# ADOPTED---Golden in WV Shelter



## GoldenMum (Mar 15, 2010)

Return to search results 



















*Major *

*Golden Retriever Mix: An adoptable dog in Winfield, WV *

Large • Young • Male 
















 
This is Major and he lives in the shelter right now. He is a sweetie and he is in desperate need of a loving home, what about yours? If interested, call the shelter at 304-586-0249. E-mail is [email protected]. The cost for dogs is $40, which includes sterilization( if you use our vets), first shots, first worming.
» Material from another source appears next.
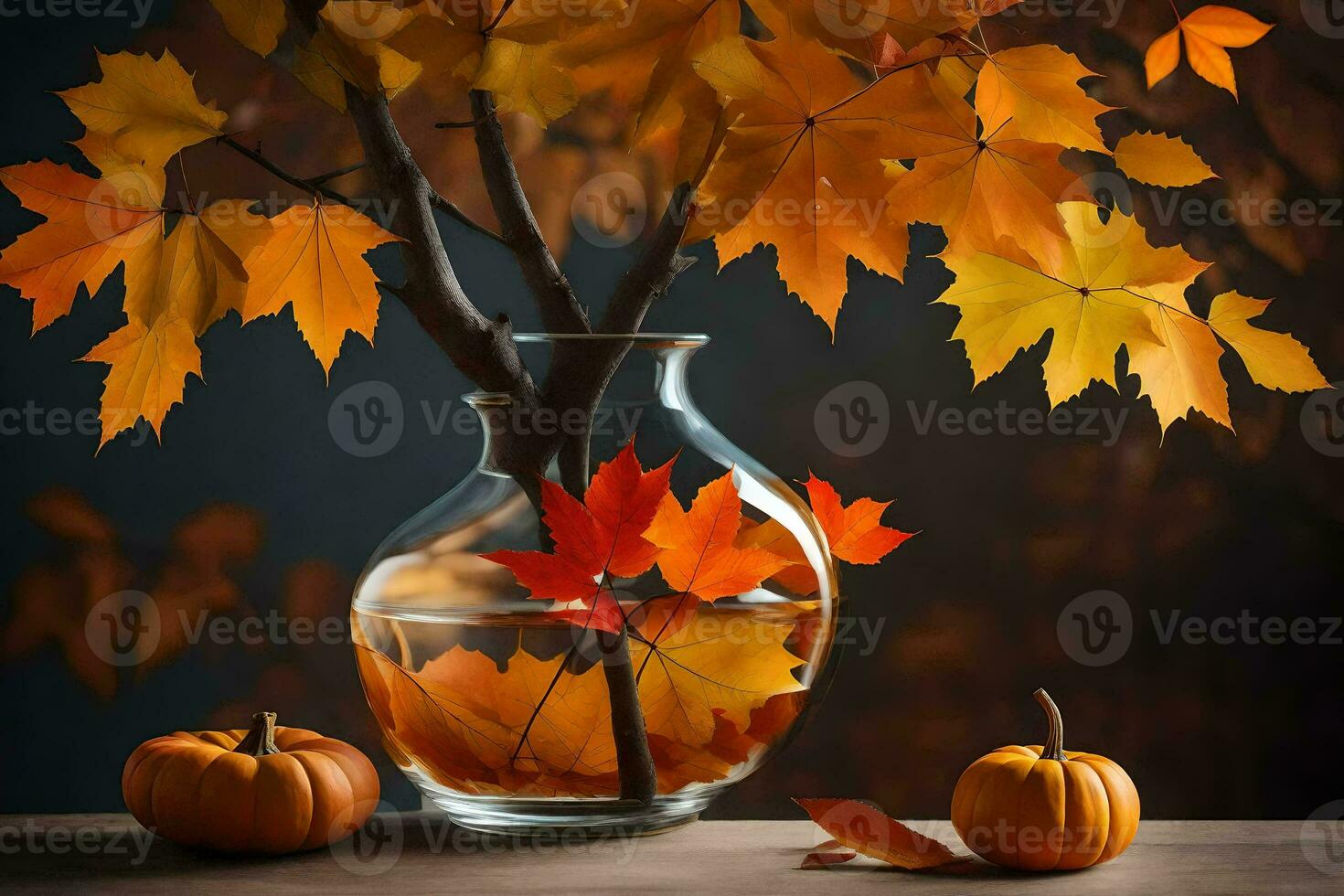 l'automne feuilles dans une vase avec citrouilles. généré par ai photo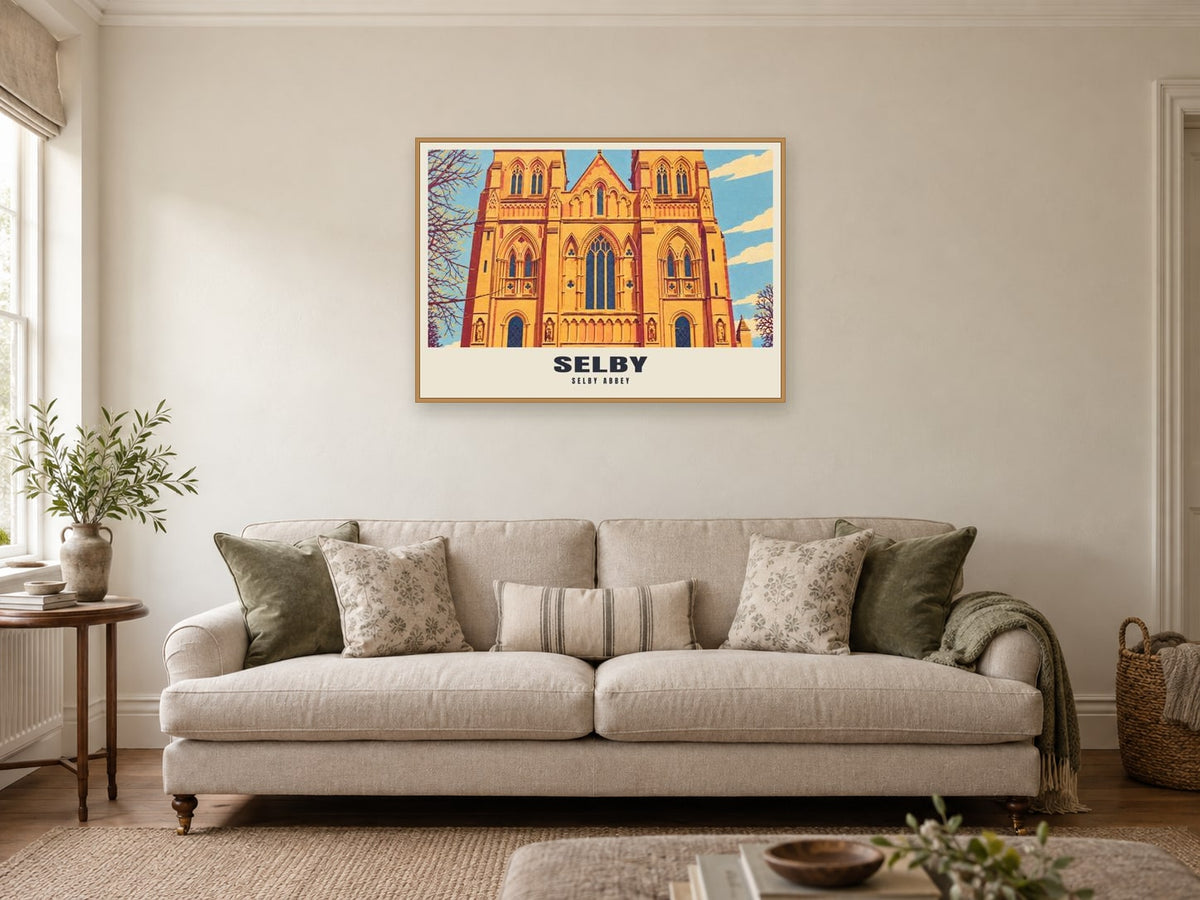 Selby Abbey Poster at A1, in a natural wood frame, in a sitting room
If the dog has not been sterilized, there is a separate deposit required of $50 which will be returned to you upon proof of confirmation of the sterilization (out of state must leave a check for it to be returned by mail). If interested and live out of state please contact us the day before by closing time and we will hold the pet for you for two hours after opening. If you cannot adopt but would like to sponsor a pet or donate toward our spay/neuter program please contact us by telephone, email, or write PARC, 1 Sabre Rd., Winfield, WV 25213 10/20/10

*More about Major*


This guy is gorgeous.....I'll try to email the WV rescues


----------



## GoldenMum (Mar 15, 2010)

I decided to call Almost Heaven instead of emailing them about this gorgeous boy. I was told that I shouldn't contact them, that they "take care" of all the dogs in WV. When I asked if they were going to pull him, she asked me if I was prepared to come up and get him. This was one nasty, rude woman who told me not to contact them about Goldens in need. I sure hope this poor boys rescue doesn't depend on her.


----------



## CAROLINA MOM (May 12, 2009)

GoldenMum said:


> I decided to call Almost Heaven instead of emailing them about this gorgeous boy. I was told that I shouldn't contact them, that they "take care" of all the dogs in WV. When I asked if they were going to pull him, she asked me if I was prepared to come up and get him. This was one nasty, rude woman who told me not to contact them about Goldens in need. I sure hope this poor boys rescue doesn't depend on her.


Whoa-how rude is that!

This boy is absolutely beautiful, what a deal too- $40 adopt fee. I just hope the right person gets him and not the first person who shows up with money in hand at that fee.


----------



## C's Mom (Dec 7, 2009)

GoldenMum said:


> I decided to call Almost Heaven instead of emailing them about this gorgeous boy. I was told that I shouldn't contact them, that they "take care" of all the dogs in WV. When I asked if they were going to pull him, she asked me if I was prepared to come up and get him. This was one nasty, rude woman who told me not to contact them about Goldens in need. I sure hope this poor boys rescue doesn't depend on her.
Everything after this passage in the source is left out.